(Prompt)
Output, exactly and alone, the lines from the one containing "BMW Serie 5" through the last line of the material below, both ends included.

(Exercise data)
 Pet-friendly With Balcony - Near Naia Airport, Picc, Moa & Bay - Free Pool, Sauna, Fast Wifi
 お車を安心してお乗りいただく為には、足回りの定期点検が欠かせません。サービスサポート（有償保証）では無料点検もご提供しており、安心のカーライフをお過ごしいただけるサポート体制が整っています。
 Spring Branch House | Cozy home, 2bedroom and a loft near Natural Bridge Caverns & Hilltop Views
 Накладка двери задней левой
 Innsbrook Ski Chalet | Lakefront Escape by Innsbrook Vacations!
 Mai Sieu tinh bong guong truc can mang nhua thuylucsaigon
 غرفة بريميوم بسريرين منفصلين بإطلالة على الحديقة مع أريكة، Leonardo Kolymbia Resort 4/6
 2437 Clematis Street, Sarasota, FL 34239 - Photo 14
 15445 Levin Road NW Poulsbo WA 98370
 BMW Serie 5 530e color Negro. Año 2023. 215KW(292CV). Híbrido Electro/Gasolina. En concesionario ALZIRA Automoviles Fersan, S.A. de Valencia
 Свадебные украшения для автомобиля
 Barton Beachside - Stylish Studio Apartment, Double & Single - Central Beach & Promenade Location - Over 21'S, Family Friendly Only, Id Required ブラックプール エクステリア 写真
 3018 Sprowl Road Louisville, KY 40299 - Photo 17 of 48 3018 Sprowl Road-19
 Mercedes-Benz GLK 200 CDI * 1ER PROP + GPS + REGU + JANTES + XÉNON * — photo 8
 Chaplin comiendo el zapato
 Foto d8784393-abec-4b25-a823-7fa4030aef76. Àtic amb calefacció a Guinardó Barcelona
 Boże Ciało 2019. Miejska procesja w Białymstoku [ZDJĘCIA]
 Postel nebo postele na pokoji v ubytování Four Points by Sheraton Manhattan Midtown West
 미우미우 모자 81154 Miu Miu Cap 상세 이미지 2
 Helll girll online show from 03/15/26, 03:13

(Output for this exercise)
 BMW Serie 5 530e color Negro. Año 2023. 215KW(292CV). Híbrido Electro/Gasolina. En concesionario ALZIRA Automoviles Fersan, S.A. de Valencia
 Свадебные украшения для автомобиля
 Barton Beachside - Stylish Studio Apartment, Double & Single - Central Beach & Promenade Location - Over 21'S, Family Friendly Only, Id Required ブラックプール エクステリア 写真
 3018 Sprowl Road Louisville, KY 40299 - Photo 17 of 48 3018 Sprowl Road-19
 Mercedes-Benz GLK 200 CDI * 1ER PROP + GPS + REGU + JANTES + XÉNON * — photo 8
 Chaplin comiendo el zapato
 Foto d8784393-abec-4b25-a823-7fa4030aef76. Àtic amb calefacció a Guinardó Barcelona
 Boże Ciało 2019. Miejska procesja w Białymstoku [ZDJĘCIA]
 Postel nebo postele na pokoji v ubytování Four Points by Sheraton Manhattan Midtown West
 미우미우 모자 81154 Miu Miu Cap 상세 이미지 2
 Helll girll online show from 03/15/26, 03:13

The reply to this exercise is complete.